I think my artist friend is on to something: it’s about where we are in the process of this thing we call life– When I blog, what I offer is raw, unpolished, and in progress. This is what I’ve found: people are moved.

i climb mt. si in the morning

but before i go to bed, there's something i'd like to say:

i watched marley and me tonight, and unlike almost everyone else, i didn't cry. lucy agreed, we didn't feel particularly attached to marley.* maybe it was the soundtrack.

but here, hero lies beside me as i am about to lay my head down to sleep. and although mt. si might have been nothing for her just a few years ago, tonight she could hardly get up on the bed. she's nearing the end.

there's an awful amount of emotion attached to it, but then again, i've conveniently got sleep to worry about. goodnight.

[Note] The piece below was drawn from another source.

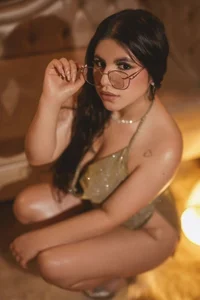 MilaCravee Golden Temptation ✨💫🔥 Pic 2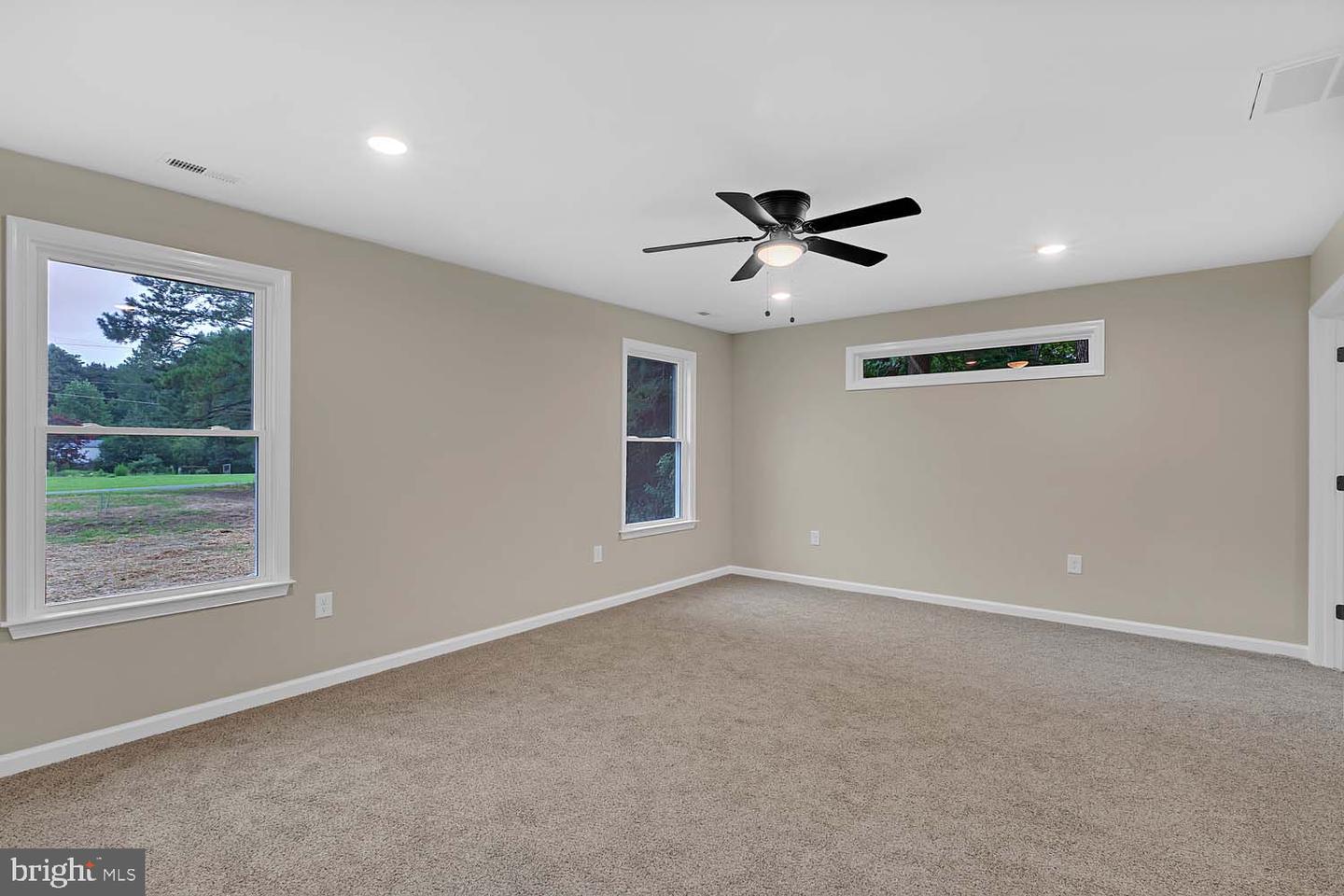 5008 E CHESTNUT FORK RD, GLOUCESTER, Virginia 23061, 3 Bedrooms Bedrooms, 6 Rooms Rooms,2 BathroomsBathrooms,Residential,For sale,5008 E CHESTNUT FORK RD,VAGV2000152 MLS # VAGV2000152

*or maybe we just didn't want to feel attached because we knew what was coming

Tuesday, June 02, 2009

let me tell you a little story called,


"today was 84 degrees."

i had my friend smruti over to chill by the pool today. luckily i wasn't too scantily clad because it looks like whole parts of me were dipped in a vat of boiling oil.

geez, sun. what the heck were you thinking? (i'm a projection machine)

spiro: "hey smrut, do you ever wear sunblock?"
smruti: "nope, i don't have to."
spiro: "have you ever been burned?"
smruti: "no... actually, maybe once. do you burn?"
spiro: "yes."

an hour later....

smruti: "i think i'm burned."
spiro: "wow, crazy!"

now you'd think that at this point i'd walk 10 feet to pick up the bottle of sunblock to apply to at least my shoulders... but no. instead, my skin persevered in direct sunlight unprotected for hours. hours i'm telling you. ouch.

in other news, my favorite band of all time is coming out with their exclusive rock band game of 45 of their songs.

yes.
please.

Sunday, May 31, 2009

crop.









it's amazing how much a face can change in a moment, isn't it?